Las previsiones no son buenas: un informe de la agencia de calificación norteamericana Moody’s estima que el gasto sanitario relacionado con el envejecimiento poblacional crecerá un 18% en España para el año 2035, hasta los 95.000 millones de euros. En poco más de una década (2033) habrá un 25,2 % de la población española con más de 65 años, y casi un 30% en 2040.

“Es vital encontrar soluciones para los problemas que se avecinan en la próxima década. Una de las principales claves es mejorar la salud y la calidad de vida de los ciudadanos de cara a la vejez, fomentando el llamado ‘envejecimiento activo’, para el cual la tecnología puede ser de gran ayuda”, apunta Eduardo Jauregui, CEO y fundador de la tecnológica española IRISBOND.

Avances tecnológicos como el Big Data, el Internet de las cosas (IoT) o la Inteligencia Artificial (IA) han despegado con fuerza en los últimos años y pueden ser piezas fundamentales para ayudar a las personas, especialmente a las mayores, facilitándoles la comunicación con el entorno, ayudándoles en su bienestar e incrementando su empoderamiento y autogestión.

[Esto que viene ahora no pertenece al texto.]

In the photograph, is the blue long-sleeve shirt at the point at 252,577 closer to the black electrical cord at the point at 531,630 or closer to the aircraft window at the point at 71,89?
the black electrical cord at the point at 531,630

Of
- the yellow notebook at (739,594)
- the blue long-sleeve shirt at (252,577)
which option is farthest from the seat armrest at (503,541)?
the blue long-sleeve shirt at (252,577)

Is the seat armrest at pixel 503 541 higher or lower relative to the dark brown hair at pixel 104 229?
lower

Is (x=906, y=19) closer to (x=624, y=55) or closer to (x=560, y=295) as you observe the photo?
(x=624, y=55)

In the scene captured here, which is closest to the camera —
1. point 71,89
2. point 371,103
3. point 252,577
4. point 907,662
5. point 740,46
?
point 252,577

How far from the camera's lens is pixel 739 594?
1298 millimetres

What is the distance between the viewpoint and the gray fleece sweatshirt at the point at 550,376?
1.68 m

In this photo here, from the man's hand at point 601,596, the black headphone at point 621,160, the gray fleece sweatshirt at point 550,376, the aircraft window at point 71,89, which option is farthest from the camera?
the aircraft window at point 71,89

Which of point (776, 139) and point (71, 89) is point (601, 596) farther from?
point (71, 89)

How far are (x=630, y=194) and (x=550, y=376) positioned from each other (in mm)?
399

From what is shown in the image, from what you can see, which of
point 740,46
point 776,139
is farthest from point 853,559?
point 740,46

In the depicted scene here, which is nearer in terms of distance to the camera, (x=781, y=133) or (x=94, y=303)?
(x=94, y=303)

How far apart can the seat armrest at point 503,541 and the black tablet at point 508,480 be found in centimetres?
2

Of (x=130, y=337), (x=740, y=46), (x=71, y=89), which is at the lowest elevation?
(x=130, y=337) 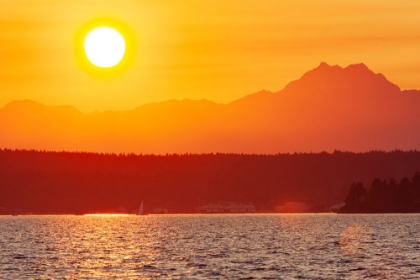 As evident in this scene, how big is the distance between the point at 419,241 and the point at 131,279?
9257 cm

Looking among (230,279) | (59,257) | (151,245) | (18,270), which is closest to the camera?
(230,279)

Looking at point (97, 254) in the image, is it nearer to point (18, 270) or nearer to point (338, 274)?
point (18, 270)

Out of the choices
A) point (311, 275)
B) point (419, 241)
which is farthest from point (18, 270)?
point (419, 241)

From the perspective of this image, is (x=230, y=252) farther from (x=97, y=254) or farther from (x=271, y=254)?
(x=97, y=254)

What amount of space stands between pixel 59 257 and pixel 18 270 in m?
26.1

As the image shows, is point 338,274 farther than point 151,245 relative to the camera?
No

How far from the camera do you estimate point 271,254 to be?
150625 mm

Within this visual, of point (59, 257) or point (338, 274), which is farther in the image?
point (59, 257)

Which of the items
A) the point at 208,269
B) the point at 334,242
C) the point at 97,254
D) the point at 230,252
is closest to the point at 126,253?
the point at 97,254

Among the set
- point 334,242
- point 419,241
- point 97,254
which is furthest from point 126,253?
point 419,241

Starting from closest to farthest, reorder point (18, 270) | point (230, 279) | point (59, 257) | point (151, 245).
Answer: point (230, 279)
point (18, 270)
point (59, 257)
point (151, 245)

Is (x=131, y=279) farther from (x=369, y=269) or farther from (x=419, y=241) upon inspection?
(x=419, y=241)

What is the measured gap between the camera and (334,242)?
614 feet

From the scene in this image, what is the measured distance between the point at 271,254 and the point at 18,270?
43.8m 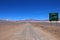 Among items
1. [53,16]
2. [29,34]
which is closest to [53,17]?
[53,16]

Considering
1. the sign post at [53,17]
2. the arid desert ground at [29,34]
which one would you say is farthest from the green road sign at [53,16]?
the arid desert ground at [29,34]

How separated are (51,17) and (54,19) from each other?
5.69 feet

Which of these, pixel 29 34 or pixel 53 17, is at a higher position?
pixel 53 17

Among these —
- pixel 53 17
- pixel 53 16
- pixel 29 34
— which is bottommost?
pixel 29 34

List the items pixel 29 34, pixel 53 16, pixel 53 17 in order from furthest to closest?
pixel 53 16 → pixel 53 17 → pixel 29 34

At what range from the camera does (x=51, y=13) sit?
51.6 meters

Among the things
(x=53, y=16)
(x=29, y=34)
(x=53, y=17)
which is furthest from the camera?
(x=53, y=16)

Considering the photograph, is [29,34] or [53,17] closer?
[29,34]

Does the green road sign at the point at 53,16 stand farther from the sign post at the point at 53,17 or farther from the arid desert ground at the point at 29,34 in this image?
the arid desert ground at the point at 29,34

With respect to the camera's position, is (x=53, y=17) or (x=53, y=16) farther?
(x=53, y=16)

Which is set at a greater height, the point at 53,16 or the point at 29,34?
the point at 53,16

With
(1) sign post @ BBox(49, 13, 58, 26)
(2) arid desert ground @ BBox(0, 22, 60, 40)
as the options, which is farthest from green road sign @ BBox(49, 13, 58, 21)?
(2) arid desert ground @ BBox(0, 22, 60, 40)

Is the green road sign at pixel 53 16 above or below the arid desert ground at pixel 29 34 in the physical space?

Asimismo, la tecnología se ha convertido -y no hemos visto más que la punta del iceberg- en una herramienta imprescindible en la detección, diagnóstico y tratamiento de muchas enfermedades. Por ejemplo, en los últimos años, ya se ha podido comprobar que las nuevas tecnologías aplicadas a la salud han reducido las estancias en centros sanitarios y hospitales notablemente. La tecnología aplicada a la salud abarca tareas vinculadas con la gestión de la información como el seguimiento de tratamientos, registro de historiales médicos o control farmacológico. También en las ayudas en cirugías como implantes ortopédicos o dispositivos cardiovasculares o cualquier intervención no invasiva, o en la eficacia de las pruebas diagnósticas.